Assume that we are given the optical depth \(\tau\) along a specific path S for normalizing configuration A. We'd like to find the optical depths \(\tau_1\) and \(\tau_2\) (along the same path) for normalizing each of the dust components in configuration B so that the total optical depth along an arbitrary path is identical in both configurations.

In configuration A the normalization equation reads

\[ \tau = \frac{\varsigma_1+\varsigma_2}{\mu_1+\mu_2} \int_\text{S}\rho_\text{A}(\vec{r})\,\text{d}s \]

and the total optical depth along an arbitrary path is given by

\[ \tau_\text{A} = \frac{\varsigma_1+\varsigma_2}{\mu_1+\mu_2} \int_\text{P}\rho_\text{A}(\vec{r})\,\text{d}s \]

In configuration B the normalization equations read

\[ \tau_1 = \frac{\varsigma_1}{\mu_1} \int_\text{S}\rho_\text{B1}(\vec{r})\,\text{d}s \]

\[ \tau_2 = \frac{\varsigma_2}{\mu_2} \int_\text{S}\rho_\text{B2}(\vec{r})\,\text{d}s \]

and the total optical depth along an arbitrary path is given by

\[ \tau_\text{B} = \frac{\varsigma_1}{\mu_1} \int_\text{P}\rho_\text{B1}(\vec{r})\,\text{d}s + \frac{\varsigma_2}{\mu_2} \int_\text{P}\rho_\text{B2}(\vec{r})\,\text{d}s \]

Since all geometries are identical, we can write \(\rho_\text{B1}(\vec{r})=b_1\rho_\text{A}(\vec{r})\) and \(\rho_\text{B2}(\vec{r})=b_2\rho_\text{A}(\vec{r})\) where \(b_1,b_2\) are constants that don't dependent on \(\vec{r}\). Requiring \(\tau_\text{A}=\tau_\text{B}\) and \(\tau=\tau_1+\tau_2\) both lead to the equation

\[ \frac{\varsigma_1+\varsigma_2}{\mu_1+\mu_2} = \frac{\varsigma_1}{\mu_1}b_1 + \frac{\varsigma_2}{\mu_2}b_2 \]

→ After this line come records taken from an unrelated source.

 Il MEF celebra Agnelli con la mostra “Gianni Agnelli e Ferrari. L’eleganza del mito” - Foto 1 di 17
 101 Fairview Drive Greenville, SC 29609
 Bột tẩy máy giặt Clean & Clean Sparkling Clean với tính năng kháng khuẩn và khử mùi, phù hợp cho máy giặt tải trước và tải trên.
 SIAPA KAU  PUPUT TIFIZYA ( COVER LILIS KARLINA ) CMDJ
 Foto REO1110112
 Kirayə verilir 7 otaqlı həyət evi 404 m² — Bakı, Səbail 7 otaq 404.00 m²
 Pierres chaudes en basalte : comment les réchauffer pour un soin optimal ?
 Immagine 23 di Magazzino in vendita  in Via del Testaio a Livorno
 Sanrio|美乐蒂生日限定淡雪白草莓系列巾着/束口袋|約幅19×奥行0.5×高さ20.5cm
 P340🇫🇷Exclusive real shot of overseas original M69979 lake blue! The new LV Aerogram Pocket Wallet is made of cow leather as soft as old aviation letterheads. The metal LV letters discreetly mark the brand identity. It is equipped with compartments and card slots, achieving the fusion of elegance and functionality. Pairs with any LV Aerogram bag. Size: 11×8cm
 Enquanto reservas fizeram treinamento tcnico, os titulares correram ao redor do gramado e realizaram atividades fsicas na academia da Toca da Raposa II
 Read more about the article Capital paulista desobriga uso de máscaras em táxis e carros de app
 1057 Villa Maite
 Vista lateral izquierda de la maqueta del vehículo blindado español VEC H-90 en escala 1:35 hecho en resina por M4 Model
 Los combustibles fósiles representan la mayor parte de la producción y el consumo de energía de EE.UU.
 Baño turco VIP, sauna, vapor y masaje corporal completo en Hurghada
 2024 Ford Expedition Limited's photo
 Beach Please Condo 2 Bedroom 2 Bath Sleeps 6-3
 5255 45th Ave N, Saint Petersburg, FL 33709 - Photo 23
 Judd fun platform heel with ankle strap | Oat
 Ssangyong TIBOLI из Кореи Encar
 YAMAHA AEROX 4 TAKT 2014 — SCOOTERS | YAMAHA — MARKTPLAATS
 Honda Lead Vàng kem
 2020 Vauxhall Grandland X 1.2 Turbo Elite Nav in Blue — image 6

in the unknowns \(b_1\) and \(b_2\). As can be easily verified by substitution, a solution of this equation is \(b_1 = \frac{\mu_1}{\mu_1+\mu_2}\) and \(b_2 = \frac{\mu_2}{\mu_1+\mu_2}\). If we also require that the total dust mass in the system remains the same, then this is the only solution (as shown in the previous subsection). Otherwise there is a family of solutions and we can arbitrarily select this one.

From the optical depth normalization equations above we see that \(\tau_1=b_1\frac{\varsigma_1}{\mu_1}\left(\frac{\varsigma_1+\varsigma_2}{\mu_1+\mu_2}\right)^{-1}\tau\) and \(\tau_2=b_2\frac{\varsigma_2}{\mu_2}\left(\frac{\varsigma_1+\varsigma_2}{\mu_1+\mu_2}\right)^{-1}\tau\) so that after some basic algebra we obtain

\[ \tau_1 = \frac{\varsigma_1}{\varsigma_1+\varsigma_2}\tau \quad;\quad \tau_2 = \frac{\varsigma_2}{\varsigma_1+\varsigma_2}\tau. \]

In other words, the optical depth must be distributed over the dust components proportional to the cross section of each dust population. A rather intuitive result!